• TO DO:
In the entries that follow, find the line containing "SKIMS Pink Cherry Print Pajama Bottoms" and the line containing "18th C. Spanish", then copy exactly everything from the first through the second except the pictures.

• DATA SHOWN:
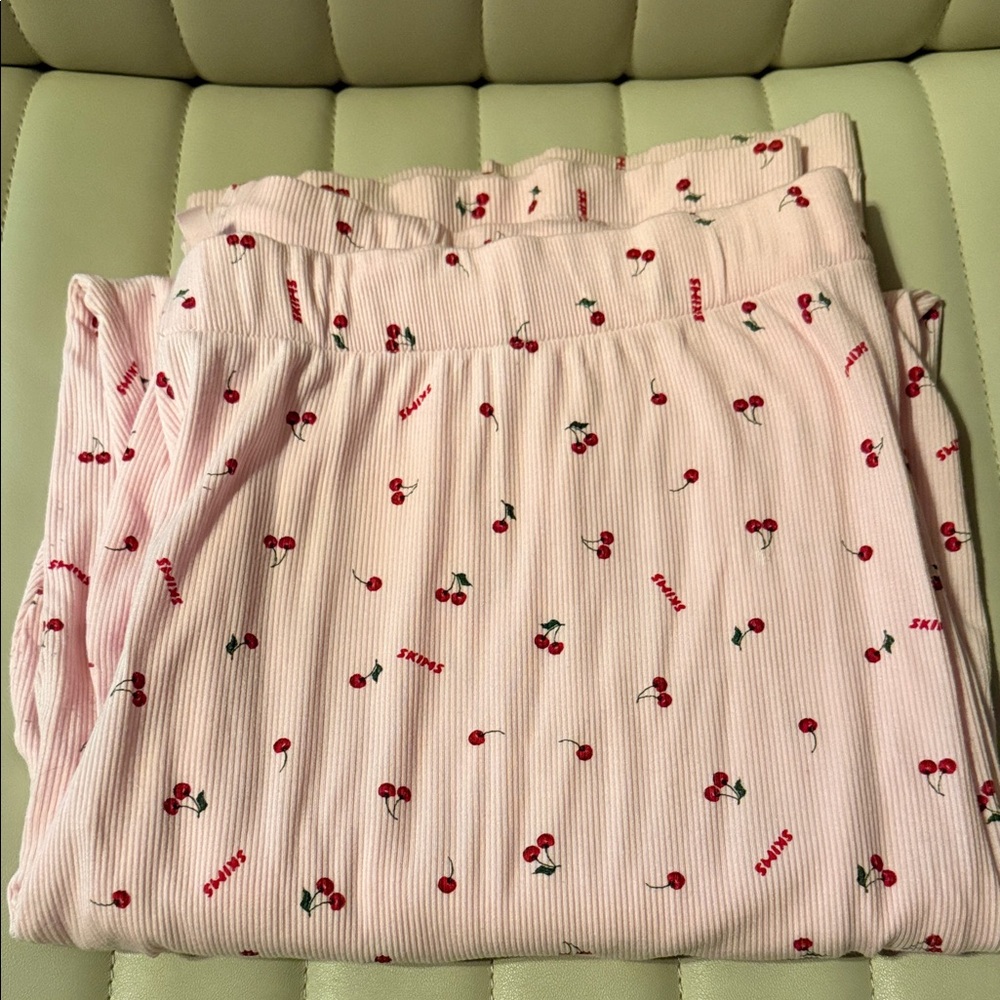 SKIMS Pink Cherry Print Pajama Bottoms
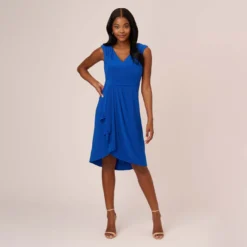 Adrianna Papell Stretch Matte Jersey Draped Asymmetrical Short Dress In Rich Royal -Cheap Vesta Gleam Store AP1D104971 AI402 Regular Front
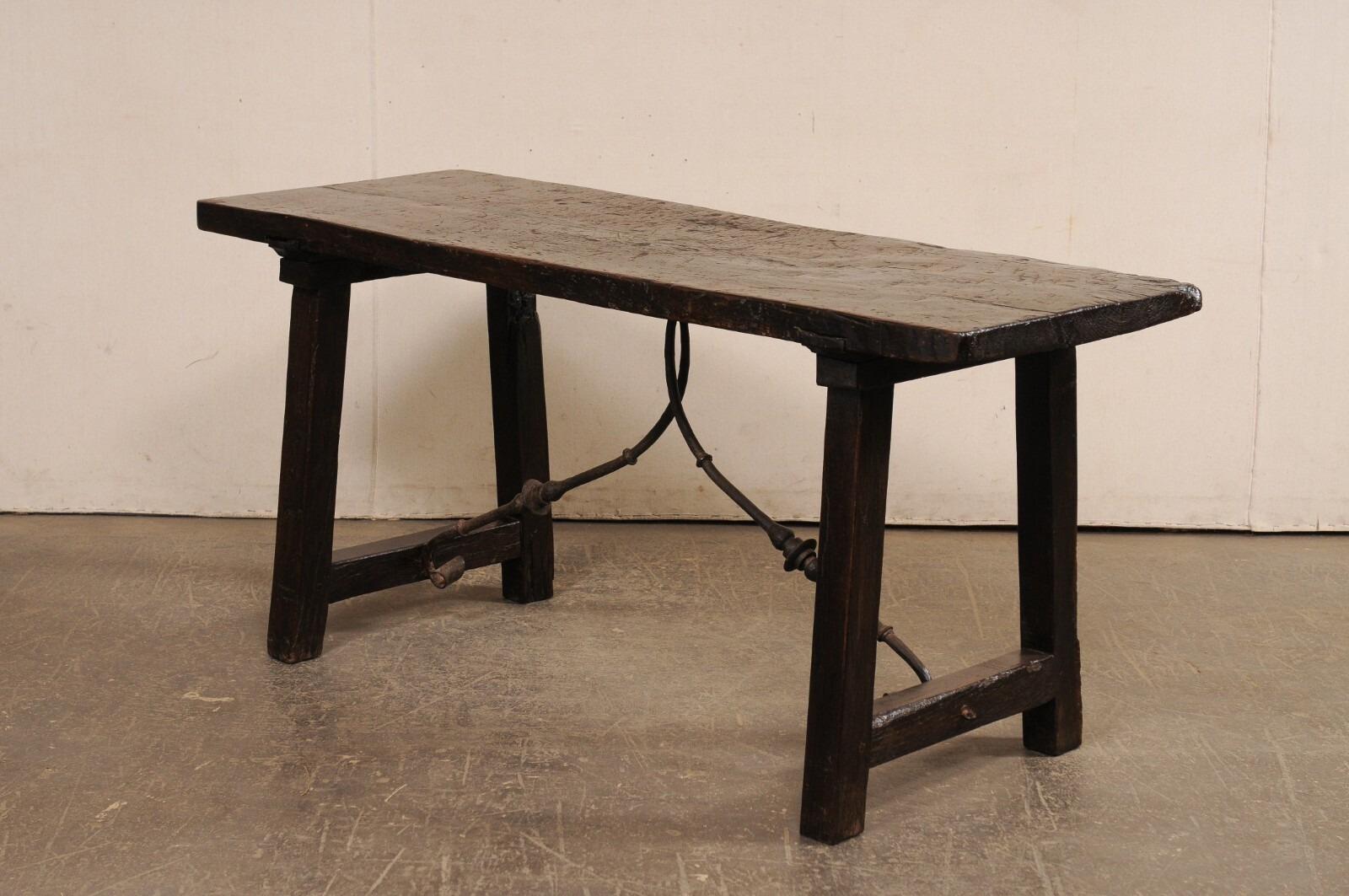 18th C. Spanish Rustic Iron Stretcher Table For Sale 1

==

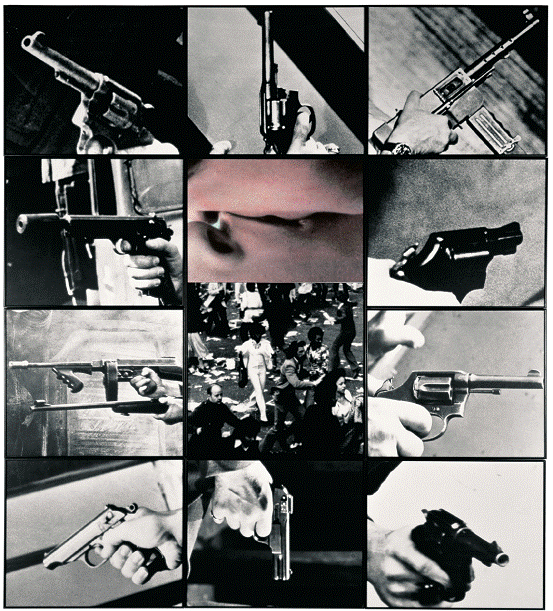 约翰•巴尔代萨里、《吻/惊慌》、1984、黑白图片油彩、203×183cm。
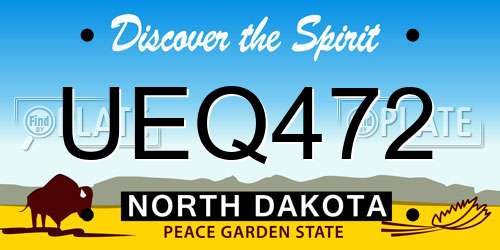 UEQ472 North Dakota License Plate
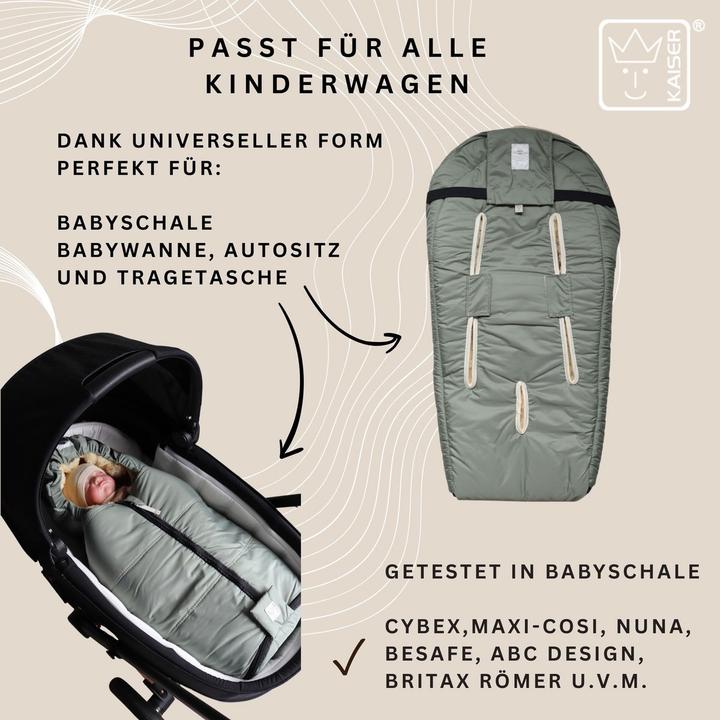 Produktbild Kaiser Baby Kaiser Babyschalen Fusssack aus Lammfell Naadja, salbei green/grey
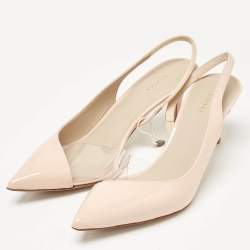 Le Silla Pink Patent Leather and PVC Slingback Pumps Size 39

• ANSWER TO THIS PROBLEM:
 SKIMS Pink Cherry Print Pajama Bottoms
 Adrianna Papell Stretch Matte Jersey Draped Asymmetrical Short Dress In Rich Royal -Cheap Vesta Gleam Store AP1D104971 AI402 Regular Front
 18th C. Spanish Rustic Iron Stretcher Table For Sale 1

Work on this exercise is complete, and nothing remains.